Y a-t-il un lien entre péché et sentiment de culpabilité ? Entre désir de Dieu et fantasme d’omnipotence ? Dans quelle mesure la relation à Dieu est-elle influencée par l’inconscient, au point d’être éventuellement déterminée par lui ? Dans un article disponible en ligne, le psychanalyste et théologien protestant Thierry de Saussure apporte à ces questions vitales des réponses fines, documentés et inspirantes.

Voici l’article et d’autres ressources sur ces questions :

Thierry DE SAUSSURE, « Sentiments de culpabilité et signification du péché : approche psychanalytique », Revue de Théologie et de Philosophie, 34/3 (1984) 201-215.

Sur ces questions, voir aussi »

Extraits :

p. 208 : Les connaissances de l’inconscient, acquises par la psychanalyse, attestent que chaque être — et ceci se reflète dans toutes les cultures — véhicule aux profondeurs de son inconscient de puissantes images et fantasmes d’absolu, de totalité, de merveilleux, de toute-puissance, qui le poussent à désirer vivre cela et à éprouver la réalité, les limites de celle-ci ainsi que ses propres limites comme dures, pénibles, voire anormales. C’est le fondement du sentiment de « paradis perdu », du mythe du « bon vieux temps », par lesquels nous exprimons la vague impression qu’autrefois c’était mieux ou que plus tard ce sera idéal ; qu’il doit bien exister quelque part une situation que nous aurions vécue, ou que nous devrions découvrir un jour et dans laquelle plus rien n’est relatif, limité, partiel ; où il n’y a que totalité, absolu, bien-être sans faille

p. 212, note 4 : […] si le philosophe ou le théologien juge important de proclamer le caractère absolu de Dieu en langage conscient, il ne lui faut pas ignorer les images et fantasmes qui en découlent pour le désir inconscient. Celui-ci fonctionnant, aux profondeurs, en régime de narcissisme primaire, vit alors cette totalité comme le lieu tant cherché et enfin retrouvé de la fusion primitive dans l’indifférenciation sujet-objet et l’abolition de toute relation interpersonnelle.

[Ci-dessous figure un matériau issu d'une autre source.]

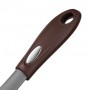 Лопатка Ardesto Gemini серо-коричневая, 32 см (AR2133PG)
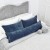SALVIA_30x120_PERLA_40_3.jpg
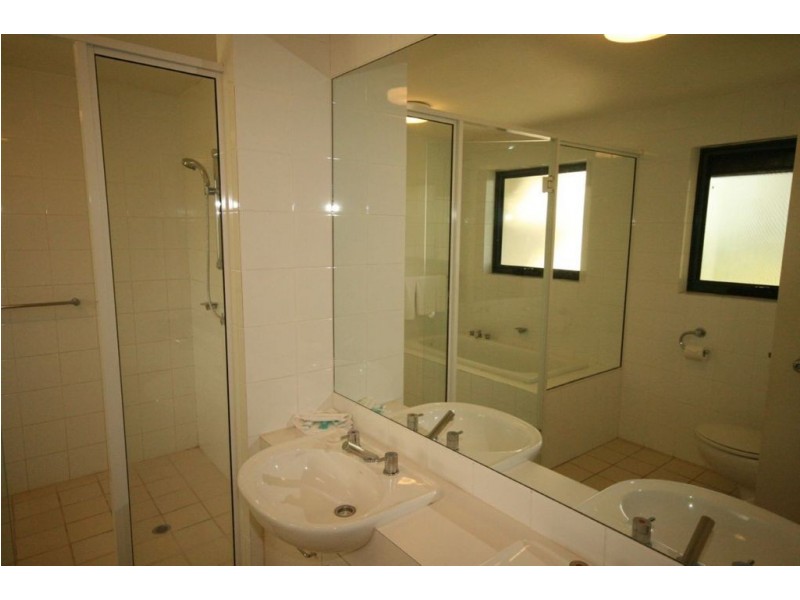 1102 Laguna Quays, Laguna Quays QLD 4800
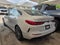 2021 BMW 2-SERIES GRAN COUPE 228I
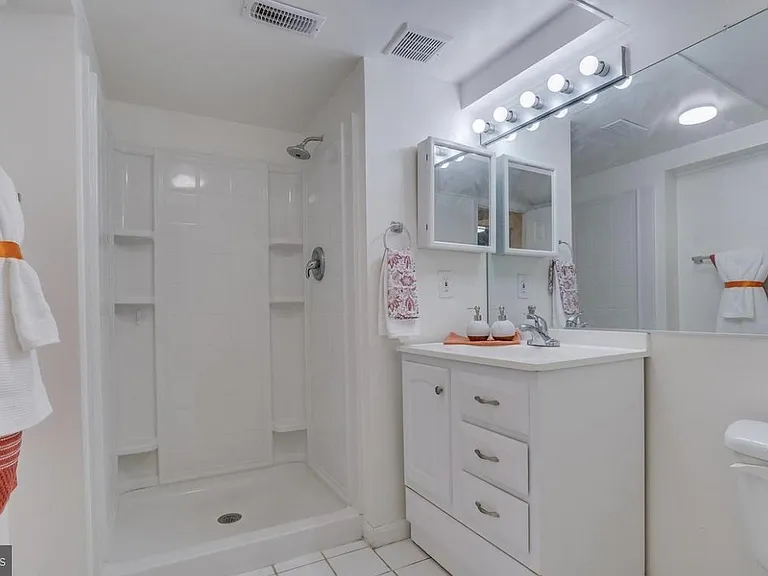 2801 Reign St — Photo 14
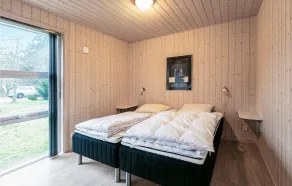 Beautiful Home In Rønne With Wifi - Image 5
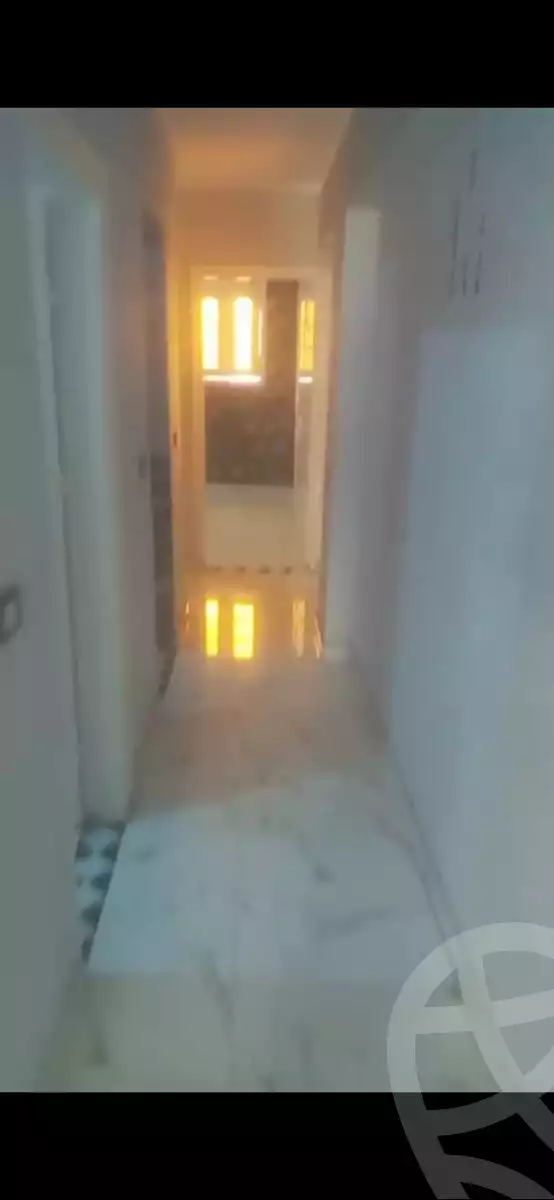 https://aqarmap.com.eg/ar/listing/5694477-for-rent-cairo-ain-shams-jsr-lswys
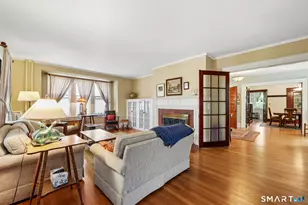 236 Oxford St, Hartford, CT 06105 - Photo 8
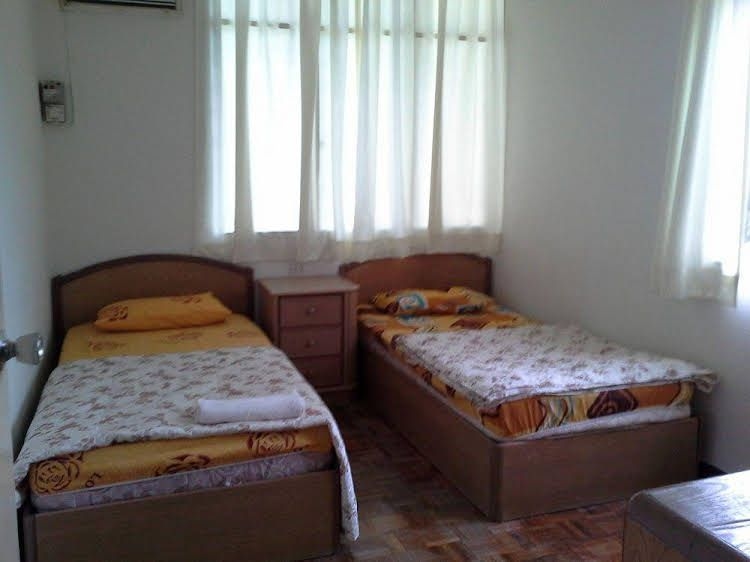Bayu Emas Apartments3
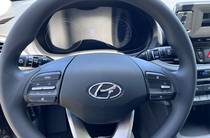 Hyundai i30 Classic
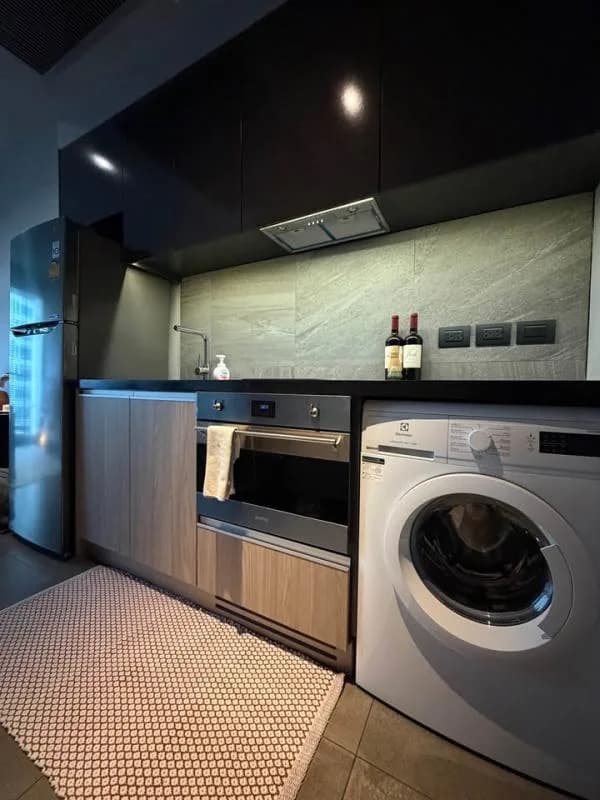 The Lofts Asoke — photo 12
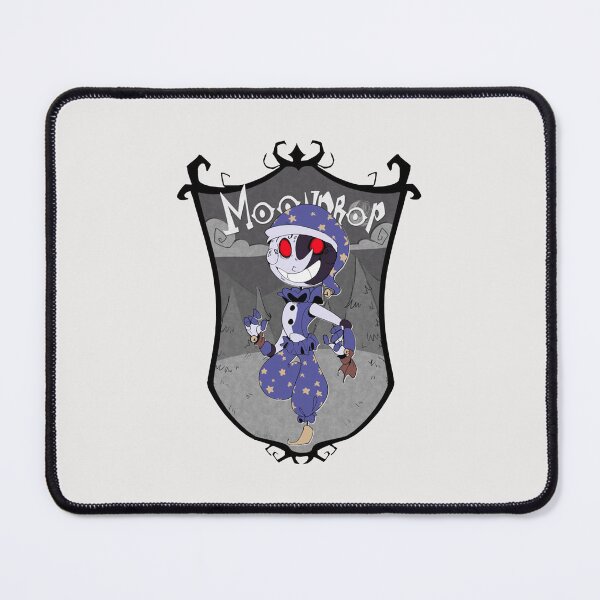 Item preview, Fnaf Moondrop designed and sold by Alysonwilsonrt.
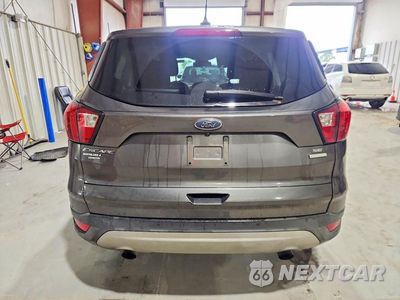 Zdjęcie 6 z 13 samochodu: 2019 FORD ESCAPE SE VIN:1FMCU0GD5KUA21637 - miniatura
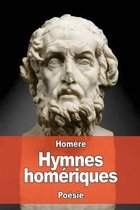 Hymnes Hom riques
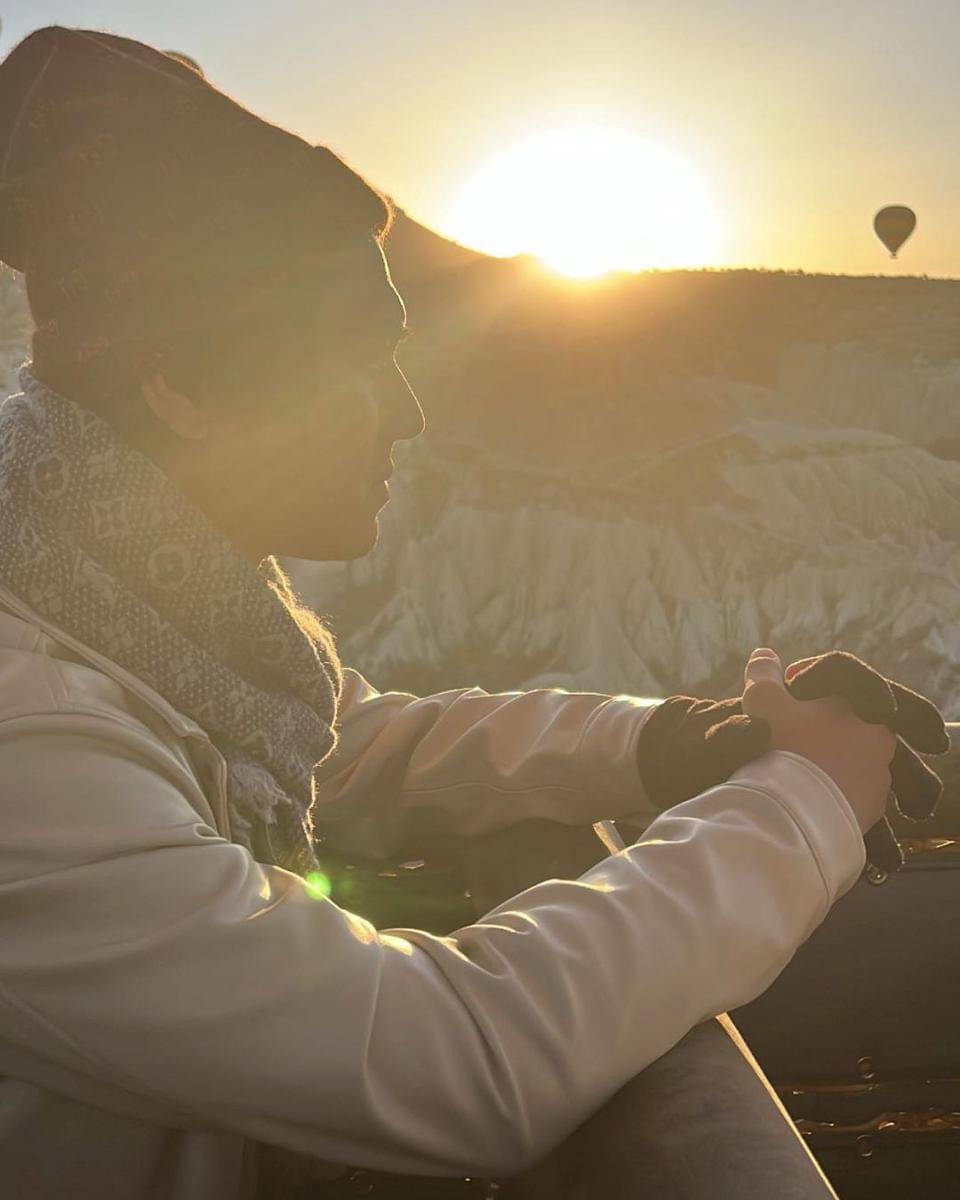 Instagram.com/rizkybillar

p. 213 : Par la ruse du serpent qui fait miroiter l’absolu (comme notre inconscient, nous l’avons vu) et y oppose le relatif, le limité en le présentant comme un mal, une souffrance source d’envie, par cette ruse, manger du fruit défendu apparaît à la femme et à l’homme comme le moyen, enfin, d’accéder à la réalisation de ce désir d’absolu, de totalité, de toute-puissance de nos fantasmes, et de ne pas avoir à en faire le deuil qu’implique l’acceptation de la relativité et de l’altérité d’avec Dieu et entre nous, êtres humains.

p. 215 :

 — Le péché consisterait à refuser notre réalité humaine, à désirer être identiques à Dieu imaginé comme l’absolu et penser qu’il est honteux de ne pas l’être.

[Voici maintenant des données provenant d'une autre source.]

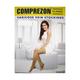 Dynamic Comprezon Classic Varicose Vein Stockings Above Knee (Pair) - (Class 2) (2110) (M) 1's - Knee/Leg Supports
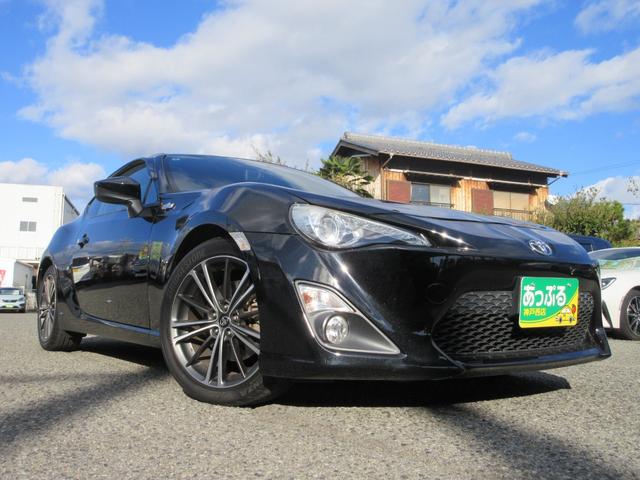 ８６ ＧＴ　社外９型Ｄオーッディオ（ＢＴ・アップルカープレイ・アンドロイドオート）ＥＴＣ・カロオツェリアアンプ・アルパインツイーター・デジタルルームミラー・Ｂカメラ・社外ボンネット・ドラレコ（47枚目）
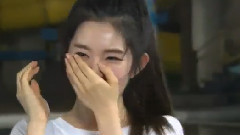 Red Velvet - KBSDream Team Red Velvet Cut5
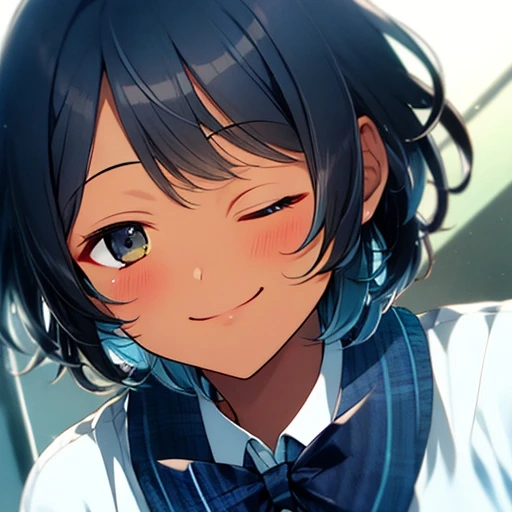임별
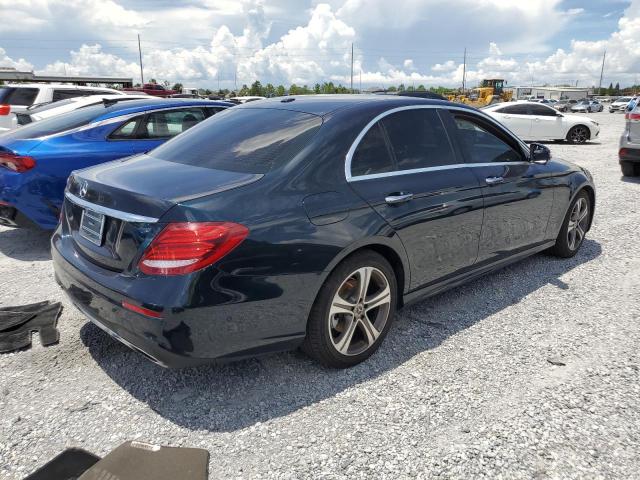 2018 MERCEDES-BENZ E 300 WDDZF4JB9JA428552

— Le péché serait de nous ériger en maîtres de la connaissance du bien et du mal, de maintenir cette illusion en cherchant à comptabiliser nos fautes comme si elles n’étaient que de malheureux accidents de parcours sur l’itinéraire normalement divin que nous voudrions suivre.

Or nous ne sommes pas les êtres divins et absolus, sans limites que, tels Adam et Eve, nous ne cessons de vouloir être, pour nous-mêmes, narcissiquement, et pour les autres, par crainte de leur jugement.

Mais c’est précisément à propos de cette hantise, me semble-t-il, que l’Evangile parle de libération. C’est de cette culpabilité-là, illusoire, tyrannique et stérile de n’être point l’idéal visé par notre désir, que Jésus parle d’affranchissement.